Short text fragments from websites
###

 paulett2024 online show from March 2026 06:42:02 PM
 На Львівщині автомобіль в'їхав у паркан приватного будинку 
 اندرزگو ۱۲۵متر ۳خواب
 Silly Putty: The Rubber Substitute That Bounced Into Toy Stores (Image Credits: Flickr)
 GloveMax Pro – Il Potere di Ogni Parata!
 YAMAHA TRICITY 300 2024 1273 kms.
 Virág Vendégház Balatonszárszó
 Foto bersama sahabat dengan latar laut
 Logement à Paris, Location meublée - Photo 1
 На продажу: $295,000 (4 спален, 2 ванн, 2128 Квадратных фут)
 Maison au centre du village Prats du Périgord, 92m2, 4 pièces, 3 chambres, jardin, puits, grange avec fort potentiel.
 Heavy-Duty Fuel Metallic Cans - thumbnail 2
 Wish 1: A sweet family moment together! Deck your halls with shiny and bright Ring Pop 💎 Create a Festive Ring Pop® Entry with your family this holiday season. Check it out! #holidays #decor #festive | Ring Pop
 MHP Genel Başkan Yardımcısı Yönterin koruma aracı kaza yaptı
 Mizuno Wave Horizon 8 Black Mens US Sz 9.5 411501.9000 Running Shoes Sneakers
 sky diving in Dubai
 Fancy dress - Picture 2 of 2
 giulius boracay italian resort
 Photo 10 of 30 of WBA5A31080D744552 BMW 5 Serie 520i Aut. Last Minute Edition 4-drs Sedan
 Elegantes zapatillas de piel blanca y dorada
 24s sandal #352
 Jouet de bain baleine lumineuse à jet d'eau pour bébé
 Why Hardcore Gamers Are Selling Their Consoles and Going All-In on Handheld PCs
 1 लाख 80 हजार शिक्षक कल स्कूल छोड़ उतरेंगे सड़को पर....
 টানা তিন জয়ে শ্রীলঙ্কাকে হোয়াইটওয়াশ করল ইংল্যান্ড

###

Among the lines above, find those holding "Photo" and copy each one.

 Logement à Paris, Location meublée - Photo 1
 Photo 10 of 30 of WBA5A31080D744552 BMW 5 Serie 520i Aut. Last Minute Edition 4-drs Sedan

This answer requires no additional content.